Ouasicoude loudly announced his intention to adopt the singer as his son. Narrhetoba, clever courtier, with an admiring glance at King Charles, immediately followed suit by taking Accau and the dog. Glinting maliciously, Aquipaguetin proclaimed himself the father of the friar, introducing the Franciscan to five squat squaws who were his new mothers because they were this chieftain's wives.

In a twinkling the three explorers became members of the nation. Ouasicoude and Anthony, Narrhetoba and Accau, Aquipaguetin and the Friar Louis are the six Sioux who made this region famous in its early days.

Now, the Sioux had a manitou. Greater than all other manitous it demanded much worship. To this deity, then, the Sioux fathers must present their adopted sons as an act of grace. When the Frenchmen were separated from the other Indians and secretly led to the holy place they were prepared for some solemn form of initiation into the tribe.

The home of the manitou burst in wonder on their eyes. It was a splendid fall of laughing water. In the midst of primeval grandeur the cascade dropped in a peerless sheet of spray forty feet over a limestone ledge. No more beautiful spot for the residence of any manitou could be imagined. He was hidden behind this flashing torrent. He loved sacrifices. To please him the Sioux of all tribes threw many gifts into a deep basin made by a hollow in the rock.

Anthony was weary of captivity. So tiresome and degrading had his days among these savages become that he almost wished he could be lulled to sleep by the voice of the cataract, never to wake again.

But as the boy watched old Aquipaguetin grow more and more fervid in his devotions and saw him twitch his stone club with eager fingers and roll his eyes round and round in search of some living thing which would make a worthy sacrifice, life suddenly seemed very precious to Anthony. He determined that he should not become food for any manitou, no matter how great.

Aquipaguetin's ardor was spreading to the others. They caught his idea. What nobler gifts had ever been given to the deity than these adopted sons would make?
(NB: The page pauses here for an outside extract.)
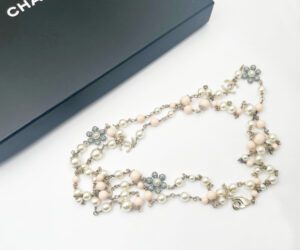 Gd Cc Pastel Blu Pk Flower Pearl Nk 2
Anthony's first thought for defense was, "I must change my father's point of view." The only remedy he knew for any savages' dangerous notion was to turn their minds to something more startling.

The friar kept a wary front toward his parent-foe; Accau edged close to Anthony; King Charles scented peril and, putting his tail between his legs, sneaked under the waterfall. The hint was unmistakable. Acting upon it, the boy, for his skin's sake, resolved to outwit superstition with superstition.

As Aquipaguetin came toward him with swinging club, the boy pulled his companions within the sacred arc of rainbow spray where no Indian dared follow lest the manitou become enraged.